Note: The pod subnet mask size for a node cannot be greater than 16, more than the cluster mask size. This is especially important for IPv6 networks. The default node-cidr-mask-size for IPv6 is 64. Therefore, you should use a cluster network mask not shorter than 48 or change the node-cidr-mask-size value respectively.

3. Disable the old ippool:

# calicoctl get ippool -o yaml > ./ippools.yaml
# vi ippools.yaml
...
- apiVersion: projectcalico.org/v3
  kind: IPPool
  metadata:
    name: <OLD_IPPOOL_NAME>
  spec:
    disabled: true
...
# calicoctl apply -f ./ippools.yaml

4. Change the podCIDR parameter for all nodes:

# export NODENAME=<NODENAME>
# kubectl get node ${NODENAME} -o yaml > ${NODENAME}.yaml
# sed -i "s~OLD_NODENET~NEW_NODENET~" ${NODENAME}.yaml
# kubectl delete node ${NODENAME} && kubectl create -f ${NODENAME}.yaml

5. Change cluster-cidr in kube-controller-manager manifest at all the master nodes:

# vi /etc/kubernetes/manifests/kube-controller-manager.yaml
...
    - --cluster-cidr=10.228.0.0/14
...

After changing the manifest, the kube-controller-manager pod restarts automatically.
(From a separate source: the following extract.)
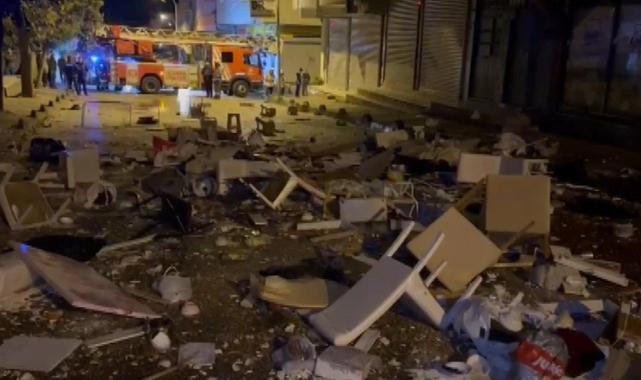 Sultanbeyli'de hareketli anlar: Sinir krizi geçirdi, eşyaları ateşe verdi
Check that it has restarted successfully.

6. Edit the calico-config configmap, remove the old ippool name, and change the ip range:

# kubectl -n kube-system edit cm calico-config
...
          "ipam": {"assign_ipv4": "true", "ipv4_pools": ["10.228.0.0/14"], "type": "calico-ipam"},
...

7. Edit the calico-node daemonset, and change the ip range:

# kubectl -n kube-system edit ds calico-node
...
        - name: CALICO_IPV4POOL_CIDR
          value: 10.228.0.0/14

Check whether all calico-node pods have restarted successfully.

8. Change clusterCIDR in the kube-proxy configmap and restart kube-proxy:

# kubectl -n kube-system edit cm kube-proxy
...
    clusterCIDR: 10.228.0.0/14
...
# kubectl -n kube-system rollout restart ds kube-proxy

9. Delete pods with ip addresses from the old ippool and check that they have restarted with addresses from the new pool successfully.

10. Update the kubeadm-config configmap with a new cluster network:

# kubectl -n kube-system edit cm kubeadm-config
data:
  ClusterConfiguration: |
    ...
    networking:
      podSubnet: 10.228.0.0/14

11. Check that everything works properly and remove the old ippool if necessary.

Common Practice

You should not run any containers on worker nodes that are not managed by kubelet so as not to break the kube-scheduler precision.